This module bundles together the recomendations outlined in the Azure AKS baseline to result in a starting infrastructure that can be deployed easily.
Unlike the the complete topology example that includes the required hub-and-spoke network and log analytics in place, this module focuses soley on AKS and it's immediate recomended integrations. Other modules exist that can help with the creation of the VNETs and subnets, so rather than repeat that effort, this module builds the following:
AKS Secure Baseline | This Module | |
---|---|---|
Virtual Network hub-and-spoke | ✅ | ❌ |
Egress restriction using Azure Firewall | ✅ | ❌ |
Fluxv2 integration* | ✅ | ❌ |
Azure Networking CNI | ✅ | ✅ |
Azure Active Directory Pod Identity | ✅ | ✅ |
Default Recomended Node config | ✅ | ✅ |
log retention rules | ✅ | ✅ |
App Gateway/WAF | ✅ | ✅ |
Keyvault secrets provider | ✅ | ✅ |
Azure Policy enabled | ✅ | ✅ |
Managed public IP option | ❌ | ✅ |
Note: At this time
azurerm_kubernetes_cluster
does not have the ability to configure the Fluxv2 integration. This means the Traefik controller and other worklods that are normally deployed automatically as part of the bootsrap process in the example baseline doesn't occur in this module. The issue has been opened and is being tracked here
Each recomended integration is bundled into its own custom object block so it can be enabled/disabled as needed. For example:
module "aks" {
source = "../"
location = azurerm_resource_group.example.location
resource_group_name = azurerm_resource_group.test.name
subnet_id = module.myvnet.vnet_subnets["aks_nodes"].id
app_gateway = {
enabled = false
}
oms = {
enabled = true
aks_logs = {
guard = true
}
storage_account_id = azurerm_storage_account.main.id
workspace_id = azurerm_log_analytics_workspace.main.id
}
zones = ["1", "2", "3"]
}
In this example, the integrated WAF is disabled, but OMS logging is enabled and a specific log toggled on. While the Microsoft AKS baseline has all integrations enabled, the toggles allow for a bit more variance.
app_gateway = {
enabled = false
name = ""
private_ip = false
public_ip = true
sku_capacity = "2"
sku_name = "WAF_v2"
sku_tier = "WAF_v2"
subnet_id = ""
}
This block defines the app gateway integration. If enabled
= true, the subnet_id
becomes a required field, as AGW requires it's own dedicated subnet to provision into.
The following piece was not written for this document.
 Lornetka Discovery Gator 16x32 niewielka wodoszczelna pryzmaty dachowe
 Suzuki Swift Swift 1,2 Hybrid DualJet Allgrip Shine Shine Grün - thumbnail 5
The module actually specifically defines the AGW and components as a seperate resource, so that if AKS is ever destroyed and rebuilt, provisioned public IPs remain until a value that forces similar action on the AGW occurs. Some parameter combinations are specific to certain versions of AGW (v1 vs v2). [Please see here for more information](# read more here: https://learn.microsoft.com/en-us/azure/application-gateway/application-gateway-components#static-versus-dynamic-public-ip-address)
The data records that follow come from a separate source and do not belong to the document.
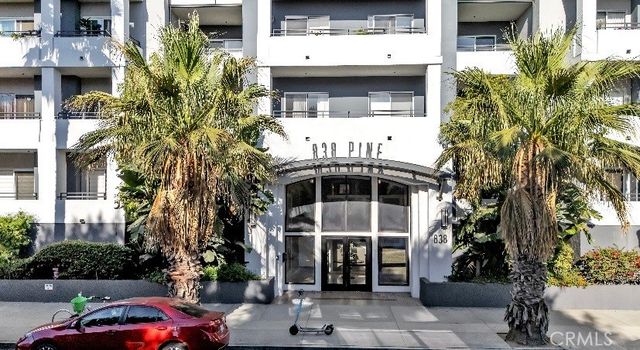 838 Pine Avenue 409, Long Beach, CA 90813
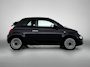 Fiat 500 1.0 70pk Hybrid Launch Edition | Soft-Top | Navigatie | Climate Control | Cruise Control | 16"LMV | Parkeersensoren |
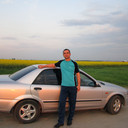  ,   , 45 ,   ,   , c , 
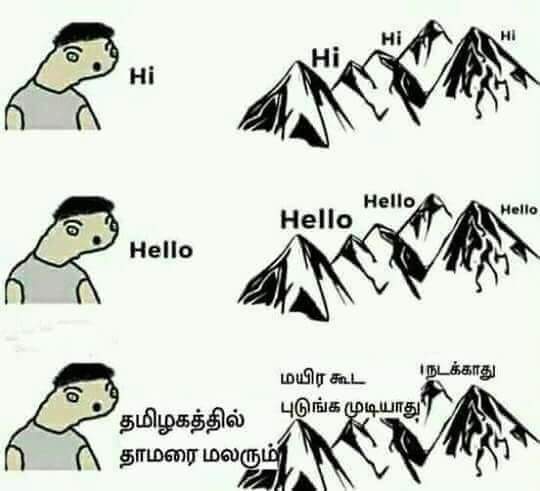 படம்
name | type | required | default | description |
---|---|---|---|---|
enabled | bool | no | false | enables creation of AGW |
name | string | no | - | if specified, overrides the auto-generated name with this string |
private_ip | bool | no | false | enables creation of a private IP listener |
private_ip_address | string | no | "" | if specified, sets the private IP address |
private_priority | string | no | 20 | if specified, set the routing rule priority |
private_ip_subnet_id | string | no | - | if specified, attempts to create the listener in the specified subnet_id |
public_ip | bool | no | true | enables creation of a private IP listener |
public_ip_id | string | no | - | if specified, instead of creating a public IP resource, will leverage the existing defined IP |
public_priority | string | no | 10 | if specified, set the routing rule priority |
sku_capacity | string | no | "2" | number of systems to deploy |
sku_name | string | no | WAF_v2 | set subscription information |
sku_tier | string | no | WAF_v2 | set subscription information |
subnet_id | string | yes | "" | if agw is enabled, this is a required value to determine the subnet to place the AGW in |
waf_configuration = {
enabled = true
firewall_mode = "Detection"
rule_set_type = "OWASP"
rule_set_version = "3.2"
file_upload_limit_mb = 100
request_body_check = true
max_request_body_size_kb = 128
}
This block defines the WAF configuration. As of azurerm 3.0, using a license sku of WAF_v2 requires configuration of the the WAF component either directly or via policy. These settings are used during initiation only. Once created, the policies are pulled out of lifecycle to be managed by aks, azure policy, or similar and ONLY applied if the appropriate sku is used.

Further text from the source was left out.